お坊さんは衣に着替えることでやる気スイッチが入るのですか?

月に1回、西日本放送の波のりラジオに出演させていただいております。

しかし今回の収録日はお参りの時間と重なって、高松のスタジオまで時間的に行くことができないスケジュールになっていました。

そこで、今月はお参りに行った先でお坊さんの格好のまま、電話応対という形でラジオにでることに。

普段はジーンズにパーカーみたいな楽な格好でスタジオに行っているので、

へんも
普段は私服ですけど、今はお坊さんの格好をして電話で話していますよ〜。

なんてことを話すとお坊さんの服装が話題にのぼり、番組内でもいくつか質問をいただきました。
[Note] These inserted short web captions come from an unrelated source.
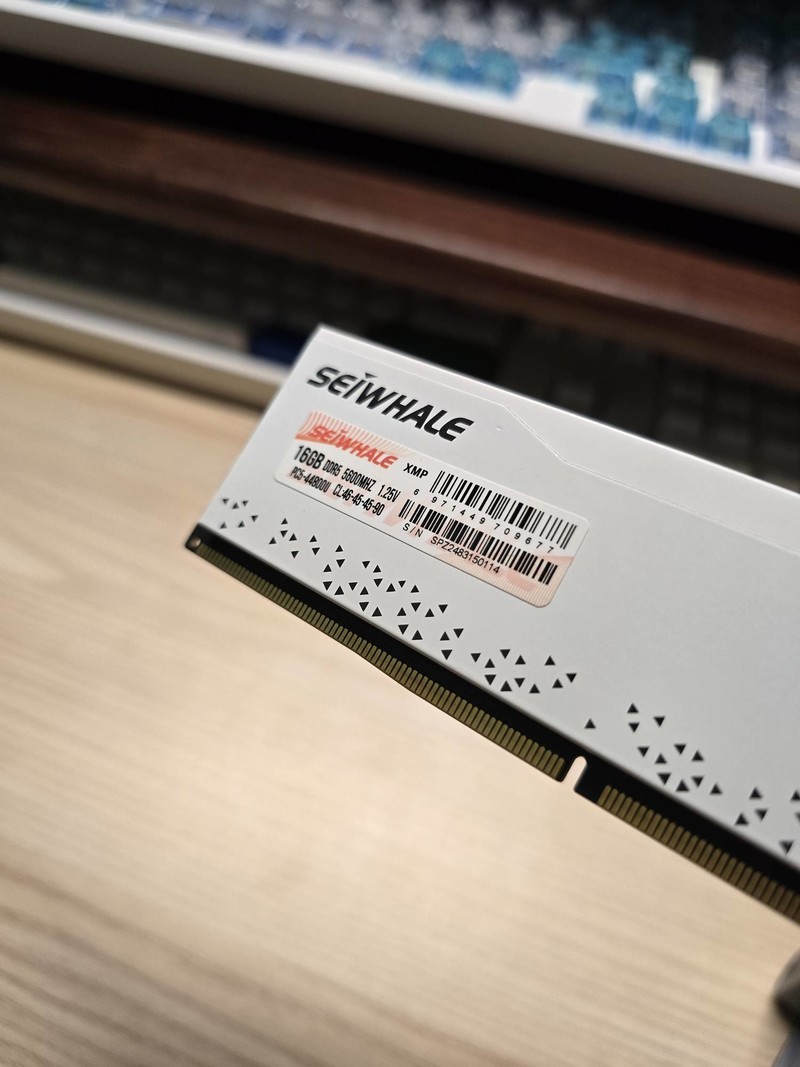 新一代“卷王”！实战枭鲸审判者DDR5内存 5600 32G内存超频！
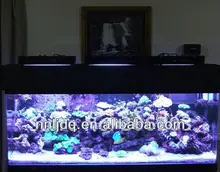 diy led reef tank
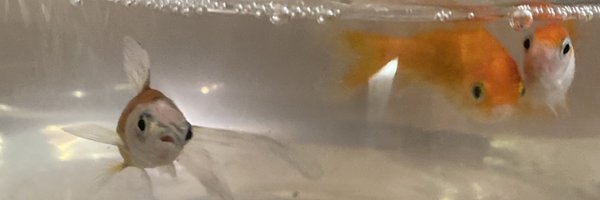 Lays4u Profile Banner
その質問のひとつを振り返って考えると、自分のことを知る重要な問いを頂いたなぁと、味わい深く感じたのでそのことをブログ内に記しておこうと思います。

衣装によって生き方は変わるか?

「三原さんはお坊さんの服装になったら、何か気持ちが切り替わったりしますか?」

正確な文言は忘れましたがラジオ番組の中でこんな感じの質問を頂きました。

要はお坊さんの格好になったら、お坊さんとしてのやる気スイッチが入るか?という問いですね。

それに対して

へんも
ん〜あんまり変わらないですねぇ。

って答えたんです。

それは何かを狙って答えたというわけじゃなくて、正直に頭に浮かんだ気持ちがそうだったんです。

もしかしたら番組的には「やっぱりそうですよね!その格好に着替えたら気持ちも切り替わりますよね。」というように、話に結論がつくと良かったのかもしれません。

ですが、この問い関しては「衣装によって気分がかわるよ」という安易な答えにはならなかったのです。

仕事モードのオンとオフ!

仕事をしているオンの時間と、プライベートのオフの時間をわけられるような生活スタイルの人は、何かでそのスイッチを切り替えていることと思います。

その中でも衣装を変えるということが、そのオンオフの切り替えに非常に重要な役割を担っていることでしょう。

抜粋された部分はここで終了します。